DATA SHOWN

□ □ □ □ □

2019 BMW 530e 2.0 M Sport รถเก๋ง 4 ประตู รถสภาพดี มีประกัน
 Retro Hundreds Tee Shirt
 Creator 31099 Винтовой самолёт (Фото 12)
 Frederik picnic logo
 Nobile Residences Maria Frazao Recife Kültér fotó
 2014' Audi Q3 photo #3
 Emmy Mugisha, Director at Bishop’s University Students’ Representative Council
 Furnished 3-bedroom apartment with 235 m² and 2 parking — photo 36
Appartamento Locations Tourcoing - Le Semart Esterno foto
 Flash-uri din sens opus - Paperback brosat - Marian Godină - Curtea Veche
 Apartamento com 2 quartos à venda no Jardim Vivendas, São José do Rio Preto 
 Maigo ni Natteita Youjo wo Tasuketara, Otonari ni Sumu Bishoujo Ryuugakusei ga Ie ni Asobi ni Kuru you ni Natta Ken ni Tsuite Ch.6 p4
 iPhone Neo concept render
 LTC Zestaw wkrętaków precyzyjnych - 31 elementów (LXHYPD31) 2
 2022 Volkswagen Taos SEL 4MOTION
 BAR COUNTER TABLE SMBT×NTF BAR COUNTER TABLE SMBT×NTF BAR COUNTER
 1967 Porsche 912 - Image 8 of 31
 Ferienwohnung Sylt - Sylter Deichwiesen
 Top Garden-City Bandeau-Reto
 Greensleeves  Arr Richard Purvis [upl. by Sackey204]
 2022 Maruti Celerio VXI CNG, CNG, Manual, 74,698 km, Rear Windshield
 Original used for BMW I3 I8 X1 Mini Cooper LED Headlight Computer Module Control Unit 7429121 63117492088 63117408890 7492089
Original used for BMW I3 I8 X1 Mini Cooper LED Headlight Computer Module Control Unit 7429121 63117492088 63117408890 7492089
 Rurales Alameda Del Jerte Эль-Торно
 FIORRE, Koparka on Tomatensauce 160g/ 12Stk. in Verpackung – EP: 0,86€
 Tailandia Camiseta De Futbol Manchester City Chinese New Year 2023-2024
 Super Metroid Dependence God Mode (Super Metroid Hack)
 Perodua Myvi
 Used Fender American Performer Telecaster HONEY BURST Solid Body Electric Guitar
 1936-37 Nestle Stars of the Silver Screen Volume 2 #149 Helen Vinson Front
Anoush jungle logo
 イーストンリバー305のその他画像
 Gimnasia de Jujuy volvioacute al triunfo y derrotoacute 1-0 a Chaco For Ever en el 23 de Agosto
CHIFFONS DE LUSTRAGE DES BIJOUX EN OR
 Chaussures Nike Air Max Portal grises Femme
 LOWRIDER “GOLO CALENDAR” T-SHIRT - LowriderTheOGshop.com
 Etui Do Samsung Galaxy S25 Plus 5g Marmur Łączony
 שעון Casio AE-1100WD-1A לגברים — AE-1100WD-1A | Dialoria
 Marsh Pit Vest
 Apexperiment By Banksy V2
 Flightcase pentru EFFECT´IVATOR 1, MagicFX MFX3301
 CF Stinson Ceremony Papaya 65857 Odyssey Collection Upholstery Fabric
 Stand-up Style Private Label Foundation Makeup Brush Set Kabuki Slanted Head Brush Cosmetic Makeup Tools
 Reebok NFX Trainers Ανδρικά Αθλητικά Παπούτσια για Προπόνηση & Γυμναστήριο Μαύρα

□ □ □ □ □

THE PROBLEM
Set down, unchanged, only those lines above that fall between the line with "Furnished 3-bedroom apartment" and the line with "CF Stinson Ceremony", the two end lines included.

RESULT BELOW
 Furnished 3-bedroom apartment with 235 m² and 2 parking — photo 36
Appartamento Locations Tourcoing - Le Semart Esterno foto
 Flash-uri din sens opus - Paperback brosat - Marian Godină - Curtea Veche
 Apartamento com 2 quartos à venda no Jardim Vivendas, São José do Rio Preto 
 Maigo ni Natteita Youjo wo Tasuketara, Otonari ni Sumu Bishoujo Ryuugakusei ga Ie ni Asobi ni Kuru you ni Natta Ken ni Tsuite Ch.6 p4
 iPhone Neo concept render
 LTC Zestaw wkrętaków precyzyjnych - 31 elementów (LXHYPD31) 2
 2022 Volkswagen Taos SEL 4MOTION
 BAR COUNTER TABLE SMBT×NTF BAR COUNTER TABLE SMBT×NTF BAR COUNTER
 1967 Porsche 912 - Image 8 of 31
 Ferienwohnung Sylt - Sylter Deichwiesen
 Top Garden-City Bandeau-Reto
 Greensleeves  Arr Richard Purvis [upl. by Sackey204]
 2022 Maruti Celerio VXI CNG, CNG, Manual, 74,698 km, Rear Windshield
 Original used for BMW I3 I8 X1 Mini Cooper LED Headlight Computer Module Control Unit 7429121 63117492088 63117408890 7492089
Original used for BMW I3 I8 X1 Mini Cooper LED Headlight Computer Module Control Unit 7429121 63117492088 63117408890 7492089
 Rurales Alameda Del Jerte Эль-Торно
 FIORRE, Koparka on Tomatensauce 160g/ 12Stk. in Verpackung – EP: 0,86€
 Tailandia Camiseta De Futbol Manchester City Chinese New Year 2023-2024
 Super Metroid Dependence God Mode (Super Metroid Hack)
 Perodua Myvi
 Used Fender American Performer Telecaster HONEY BURST Solid Body Electric Guitar
 1936-37 Nestle Stars of the Silver Screen Volume 2 #149 Helen Vinson Front
Anoush jungle logo
 イーストンリバー305のその他画像
 Gimnasia de Jujuy volvioacute al triunfo y derrotoacute 1-0 a Chaco For Ever en el 23 de Agosto
CHIFFONS DE LUSTRAGE DES BIJOUX EN OR
 Chaussures Nike Air Max Portal grises Femme
 LOWRIDER “GOLO CALENDAR” T-SHIRT - LowriderTheOGshop.com
 Etui Do Samsung Galaxy S25 Plus 5g Marmur Łączony
 שעון Casio AE-1100WD-1A לגברים — AE-1100WD-1A | Dialoria
 Marsh Pit Vest
 Apexperiment By Banksy V2
 Flightcase pentru EFFECT´IVATOR 1, MagicFX MFX3301
 CF Stinson Ceremony Papaya 65857 Odyssey Collection Upholstery Fabric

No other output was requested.